§ Instructions for the task
Please write out all of the data below exactly, without including the pictures.

§ Information provided

Start of Block

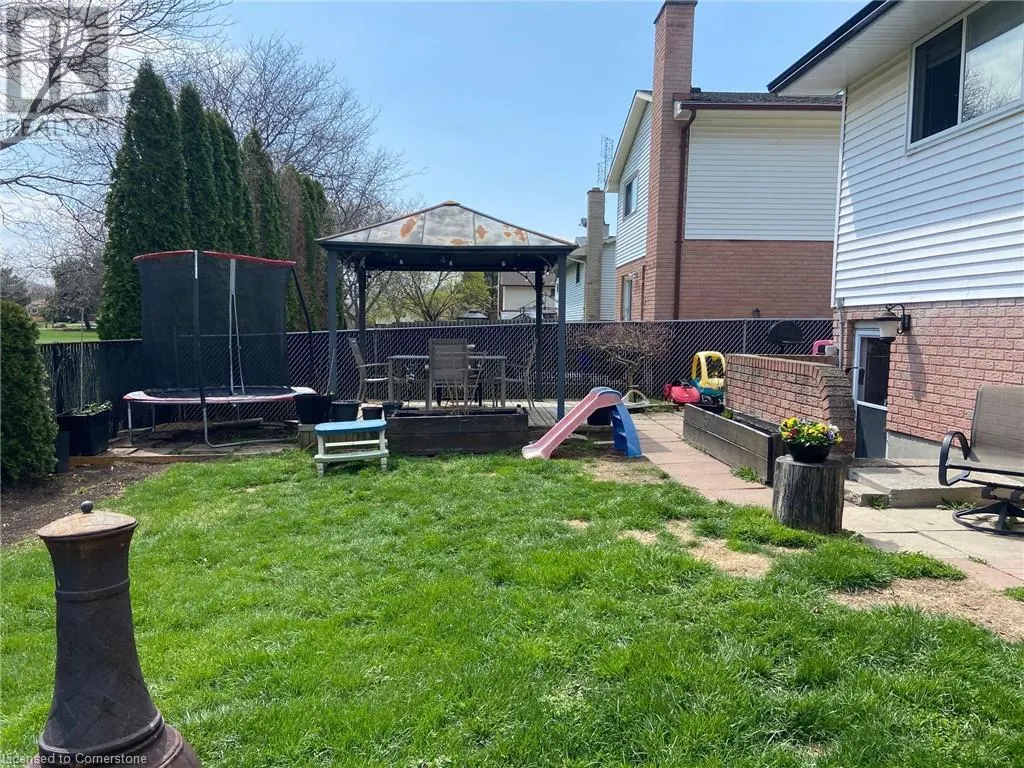 12 SILVERDALE Drive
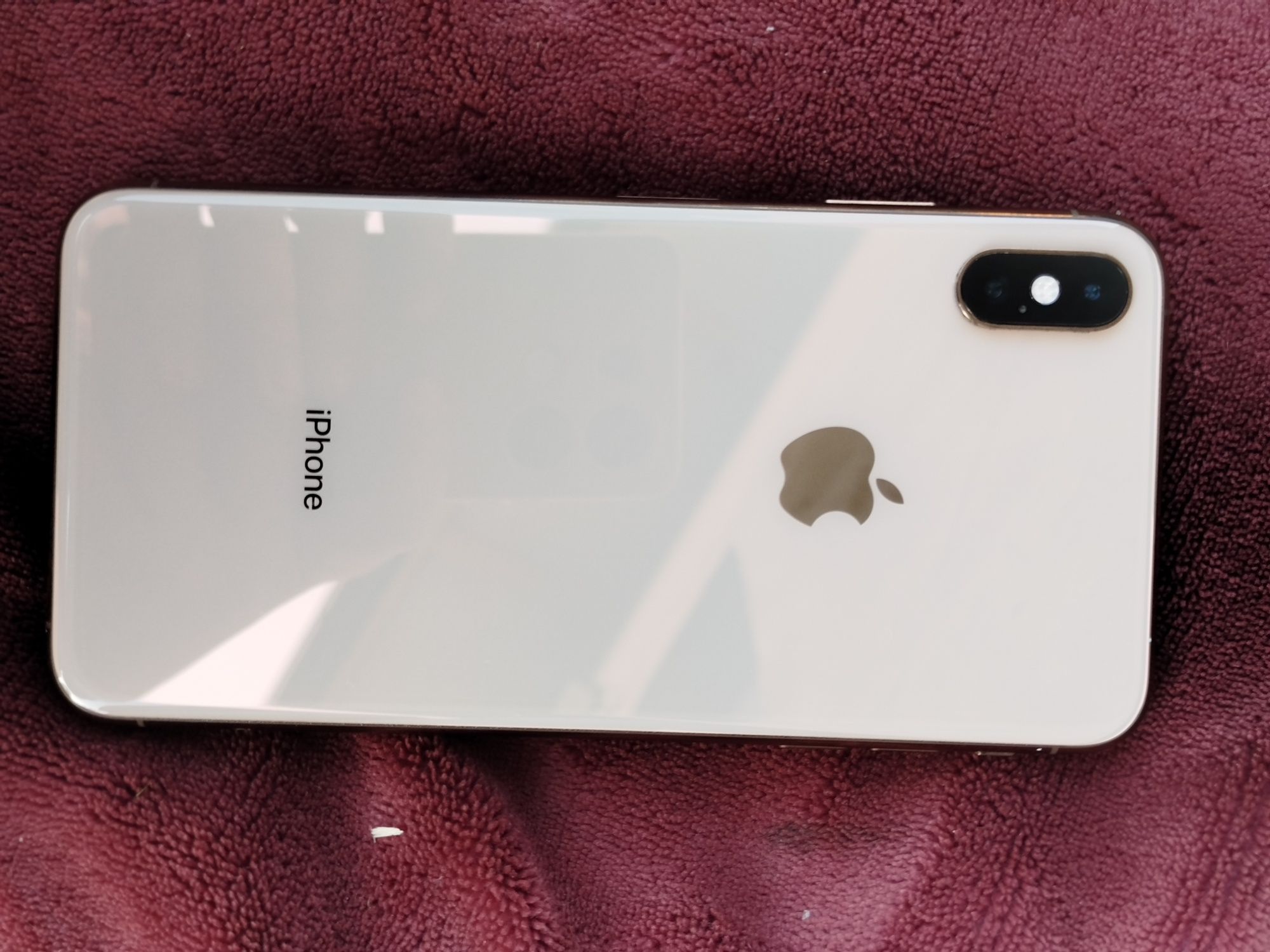 Продам Iphone xs max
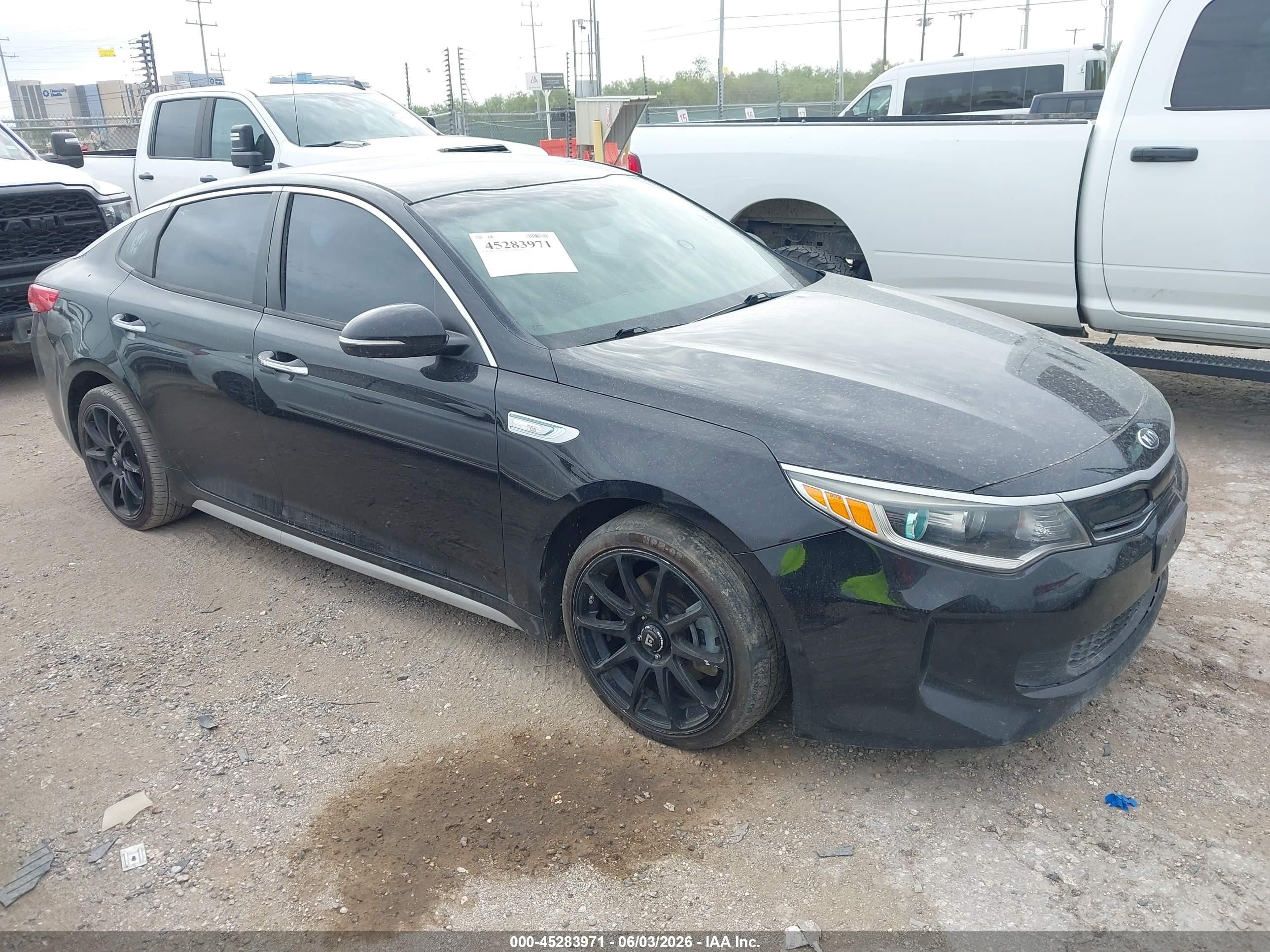2017 Kia Optima, VIN KNAGT4LC5H5007685 — Repossession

End of Block

§ Problem solution
 12 SILVERDALE Drive
 Продам Iphone xs max
2017 Kia Optima, VIN KNAGT4LC5H5007685 — Repossession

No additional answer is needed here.